You can also clear out individual types of content from the Google Chrome browser as well: From the Settings pane you need to pick Advanced then Clear browsing data. You can wipe everything from your browsing history to the file cache without affecting anything else that the browser has stored.
Using Firefox? Open up the browser menu (the three horizontal lines to the top right), and choose Help and Troubleshooting Information. From the tab that opens up, pick Refresh Firefox to reset the browser.
Again, your passwords and bookmarks aren’t affected, and nor are your open tabs actually. All your installed add-ons and customisations are removed though, so you’re effectively back to square one with the browser, but with your account data intact. It’s like signing into a new install of Firefox on a new computer.
If you just want to deal with a troublesome add-on rather than resetting the browser entirely, you can find them under the Add-ons entry on the Firefox menu. Click Extensions then Remove next to any entries you want to get rid of.

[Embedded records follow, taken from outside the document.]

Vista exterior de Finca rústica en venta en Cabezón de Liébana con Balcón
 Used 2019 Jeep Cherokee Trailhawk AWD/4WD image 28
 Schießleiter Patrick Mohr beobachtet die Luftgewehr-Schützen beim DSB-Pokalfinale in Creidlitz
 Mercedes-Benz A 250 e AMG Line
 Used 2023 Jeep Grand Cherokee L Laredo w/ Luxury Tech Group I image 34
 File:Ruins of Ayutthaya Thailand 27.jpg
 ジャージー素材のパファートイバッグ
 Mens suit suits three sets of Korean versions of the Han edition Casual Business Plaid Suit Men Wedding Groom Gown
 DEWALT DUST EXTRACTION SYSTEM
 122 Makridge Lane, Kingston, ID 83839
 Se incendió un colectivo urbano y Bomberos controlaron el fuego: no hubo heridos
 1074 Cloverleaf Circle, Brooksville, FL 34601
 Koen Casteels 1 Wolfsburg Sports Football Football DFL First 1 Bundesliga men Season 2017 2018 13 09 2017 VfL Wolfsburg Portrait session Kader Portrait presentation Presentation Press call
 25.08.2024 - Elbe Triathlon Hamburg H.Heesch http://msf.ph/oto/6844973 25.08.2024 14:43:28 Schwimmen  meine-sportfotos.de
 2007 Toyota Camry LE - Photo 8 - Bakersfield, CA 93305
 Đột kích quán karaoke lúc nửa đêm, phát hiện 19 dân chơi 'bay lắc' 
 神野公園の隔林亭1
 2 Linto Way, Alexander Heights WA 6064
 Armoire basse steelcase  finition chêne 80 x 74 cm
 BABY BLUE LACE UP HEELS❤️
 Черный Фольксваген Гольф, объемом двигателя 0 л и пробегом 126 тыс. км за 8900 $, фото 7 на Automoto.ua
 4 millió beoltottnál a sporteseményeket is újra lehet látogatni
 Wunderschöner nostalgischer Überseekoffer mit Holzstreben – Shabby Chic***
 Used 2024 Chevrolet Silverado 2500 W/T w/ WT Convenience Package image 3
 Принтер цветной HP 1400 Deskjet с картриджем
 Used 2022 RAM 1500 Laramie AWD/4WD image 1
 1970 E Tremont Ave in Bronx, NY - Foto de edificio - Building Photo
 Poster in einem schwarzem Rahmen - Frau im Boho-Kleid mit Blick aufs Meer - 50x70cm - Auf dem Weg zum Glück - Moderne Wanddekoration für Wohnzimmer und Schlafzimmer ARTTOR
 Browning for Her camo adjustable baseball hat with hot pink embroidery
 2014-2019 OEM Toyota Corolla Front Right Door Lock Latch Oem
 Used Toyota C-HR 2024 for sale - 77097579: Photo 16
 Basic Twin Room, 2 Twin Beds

You’ll notice there’s also a Restart with Add-ons Disabled option next to the Refresh Firefox button. This puts Firefox in a “safe mode” so you can troubleshoot problems that might be caused by a bad extension—add-ons can also be removed in safe mode using the process outlined above.
Unfortunately, Safari doesn’t actually have a reset feature—though it did in older versions. You can either reset macOS completely, putting your entire Mac (and Safari) back to its factory state, or you can go through the individual parts of Safari to wipe them one by one.
So, open the Safari menu then click Preferences—this is where all the browser options are kept. Switch to the Extensions tab, for example, and you can remove any add-ons you think are causing problems or that you just don’t need anymore.
Besides extensions, browser resets usually clear out all local cookies and temporary data (so you have to log into Facebook, Gmail, and everything else again). For the cookies, head to Privacy in the Preferences dialog, click Manage Website Data, then choose Remove All on the subsequent screen.
As for getting rid of the cache of temporary files stored on your computer by Safari, you need to first open the Advanced tab in Preferences, then tick Show Develop menu in menu bar, then open the aforementioned Develop menu (which has magically appeared), then pick Empty Caches. With that done, you’re more or less back to where a standalone reset function would put you.
When it comes to Microsoft’s new browser, again there are separate reset and repair options, but they’re not actually in the browser. You need to open the Windows 10 Settings panel, then choose Apps, Microsoft Edge, and Advanced options.
Use Repair if you can’t actually start Microsoft Edge, or Reset to clear out Edge data stored on the device you’re currently using—in the case of Edge, your browsing history does get wiped, and you’ll be kicked out of sites you’re logged into (so you have to log in again). Extensions aren’t removed, but they are reset and appear as if they’ve just been added.
As usual, you can address these various elements individually if you want to. Open the Edge browser menu (three dots, top right) and choose Extensions to see all the browser extensions you’ve got installed. Each one can be disabled with the relevant toggle switch, or you can click the cog icon and choose Uninstall.
When it comes to browsing data and cookies, you need to choose Settings from the Edge menu, then Privacy & security, then Choose what to clear. Make your choices using the tick boxes (cookies and cached data for example), then click Clear.
If you’ve got Opera installed, your reset option is actually referred to as recovery, but it does the same job—putting the browser back to its default state. You get more control over the process than some other browsers give you as well.
Click the Opera button up in the top left of the browser interface, then choose Update & Recovery. Click Recover, and you can see your choices: Pinned tabs, cookies, and temporary data will all be removed, extensions will be disabled, but you can choose whether or not to preserve your bookmarks, history, and saved passwords.
If you do decide to wipe everything rather than keeping your personal data, extensions get uninstalled rather than disabled. To remove extensions manually from the browser, you need to open the Opera menu then choose Extensions and Extensions.
For more control over what gets deleted and what doesn’t, open the Opera menu and pick Settings. Click Advanced and Clear browsing data to remove specific types of data from the browser, including your browsing history, cached files, cookies, autofill form data, and so on.